Lawyers familiar with abstract and even case-specific substantive privilege and work product-related principles must keep something else in mind. Many if not most courts have also adopted local rules that might affect the process under which those courts address privilege and work product issues.
In Scheller v. Williams Companies, Inc., Case No. CIV-17-632-M, 2018 U.S. Dist. LEXIS 96880, at *12 (W.D. Okla. June 1, 2018), the court explained that it was “unable to rule on any claims of privilege at this time” – because the parties had conducted their mandatory “meet and confer” discussion “prior to the production of [the pertinent party’s] privilege log.” The court therefore “order[ed] the parties to meet and confer regarding the documents in dispute on the privilege log,” after which the court would deal with privilege claims. Id. Several weeks later, the court in Fint v. Brayman Construction Corp., Case No. 5:17-cv-04043, 2018 U.S. Dist. LEXIS 103772, at *9 (S.D.W. Va.
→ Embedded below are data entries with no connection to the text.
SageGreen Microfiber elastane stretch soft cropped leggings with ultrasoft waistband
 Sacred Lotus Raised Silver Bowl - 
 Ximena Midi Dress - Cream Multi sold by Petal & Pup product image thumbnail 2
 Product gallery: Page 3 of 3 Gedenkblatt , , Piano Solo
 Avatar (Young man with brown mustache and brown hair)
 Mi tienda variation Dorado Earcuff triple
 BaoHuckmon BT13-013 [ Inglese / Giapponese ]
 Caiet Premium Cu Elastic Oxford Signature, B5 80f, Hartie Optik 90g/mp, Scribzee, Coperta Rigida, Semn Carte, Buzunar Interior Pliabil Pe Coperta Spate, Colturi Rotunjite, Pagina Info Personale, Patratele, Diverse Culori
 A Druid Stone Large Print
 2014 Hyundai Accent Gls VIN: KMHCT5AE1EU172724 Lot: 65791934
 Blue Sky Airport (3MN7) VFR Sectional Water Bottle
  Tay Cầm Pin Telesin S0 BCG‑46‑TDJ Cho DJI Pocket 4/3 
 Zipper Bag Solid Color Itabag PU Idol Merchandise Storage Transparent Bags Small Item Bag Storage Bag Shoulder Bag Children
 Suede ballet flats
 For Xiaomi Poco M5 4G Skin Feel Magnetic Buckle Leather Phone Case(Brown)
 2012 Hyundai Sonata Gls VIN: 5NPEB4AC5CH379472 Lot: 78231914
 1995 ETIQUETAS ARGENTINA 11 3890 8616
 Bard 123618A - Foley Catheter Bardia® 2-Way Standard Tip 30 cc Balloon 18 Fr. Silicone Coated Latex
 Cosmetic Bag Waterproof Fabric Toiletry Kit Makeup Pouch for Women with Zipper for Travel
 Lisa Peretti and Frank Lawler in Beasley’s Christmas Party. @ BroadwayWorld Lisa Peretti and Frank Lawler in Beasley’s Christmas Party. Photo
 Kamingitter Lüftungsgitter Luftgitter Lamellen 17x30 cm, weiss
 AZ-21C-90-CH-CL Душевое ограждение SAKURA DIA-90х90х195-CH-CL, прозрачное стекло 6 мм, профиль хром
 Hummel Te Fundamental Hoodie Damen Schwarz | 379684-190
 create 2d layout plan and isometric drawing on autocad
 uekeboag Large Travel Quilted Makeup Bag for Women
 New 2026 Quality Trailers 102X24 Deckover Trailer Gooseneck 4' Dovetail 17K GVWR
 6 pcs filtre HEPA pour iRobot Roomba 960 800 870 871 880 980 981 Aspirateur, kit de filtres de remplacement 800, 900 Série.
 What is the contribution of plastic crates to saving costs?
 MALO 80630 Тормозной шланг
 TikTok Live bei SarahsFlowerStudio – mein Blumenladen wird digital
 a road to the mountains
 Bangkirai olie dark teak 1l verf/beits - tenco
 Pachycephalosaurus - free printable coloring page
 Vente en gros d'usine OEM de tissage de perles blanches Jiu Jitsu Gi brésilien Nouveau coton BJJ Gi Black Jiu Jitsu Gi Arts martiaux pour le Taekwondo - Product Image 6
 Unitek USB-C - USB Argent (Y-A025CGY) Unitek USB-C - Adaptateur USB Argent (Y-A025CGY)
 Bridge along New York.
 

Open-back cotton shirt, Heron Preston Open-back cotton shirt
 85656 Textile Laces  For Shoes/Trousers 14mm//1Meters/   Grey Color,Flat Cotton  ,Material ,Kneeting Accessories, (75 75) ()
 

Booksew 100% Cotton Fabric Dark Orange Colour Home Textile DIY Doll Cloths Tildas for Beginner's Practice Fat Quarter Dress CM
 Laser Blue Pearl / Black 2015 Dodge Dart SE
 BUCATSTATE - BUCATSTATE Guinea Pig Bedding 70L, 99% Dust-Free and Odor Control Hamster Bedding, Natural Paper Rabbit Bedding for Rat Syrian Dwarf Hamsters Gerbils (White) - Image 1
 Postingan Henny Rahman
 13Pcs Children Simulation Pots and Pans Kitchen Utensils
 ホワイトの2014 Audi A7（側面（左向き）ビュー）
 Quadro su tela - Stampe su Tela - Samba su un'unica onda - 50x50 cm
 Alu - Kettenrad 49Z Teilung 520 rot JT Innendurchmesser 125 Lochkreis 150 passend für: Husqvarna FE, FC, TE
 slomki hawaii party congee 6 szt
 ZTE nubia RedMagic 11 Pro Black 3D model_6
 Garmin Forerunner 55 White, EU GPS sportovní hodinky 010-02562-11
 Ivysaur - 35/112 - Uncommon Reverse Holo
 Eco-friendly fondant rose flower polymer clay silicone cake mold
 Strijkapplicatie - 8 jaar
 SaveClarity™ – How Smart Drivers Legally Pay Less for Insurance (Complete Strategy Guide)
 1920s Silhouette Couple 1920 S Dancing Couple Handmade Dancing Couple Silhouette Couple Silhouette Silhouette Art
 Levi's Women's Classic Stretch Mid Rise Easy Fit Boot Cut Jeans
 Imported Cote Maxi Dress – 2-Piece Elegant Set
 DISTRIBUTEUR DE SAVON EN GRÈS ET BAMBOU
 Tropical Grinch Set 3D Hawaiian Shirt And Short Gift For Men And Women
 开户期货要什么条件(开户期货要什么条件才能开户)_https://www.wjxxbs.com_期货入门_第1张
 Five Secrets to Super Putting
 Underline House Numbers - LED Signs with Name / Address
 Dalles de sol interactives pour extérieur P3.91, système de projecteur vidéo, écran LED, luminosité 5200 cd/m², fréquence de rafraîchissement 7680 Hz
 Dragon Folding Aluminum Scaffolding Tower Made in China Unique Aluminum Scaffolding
June 21, 2018), noted that its “local rule requires motions to compel [privileged documents, among other things] to be brought within thirty days after discovery answers are due.” But the court relieved the plaintiff of that deadline – noting that defendant’s amended privilege log “effectively restarted the thirty-day clock.” Id.
Fortunately, corporations’ local counsel normally will be aware of such local rules and the frequently important local “lore” about their courts’ privilege assertion and challenge process.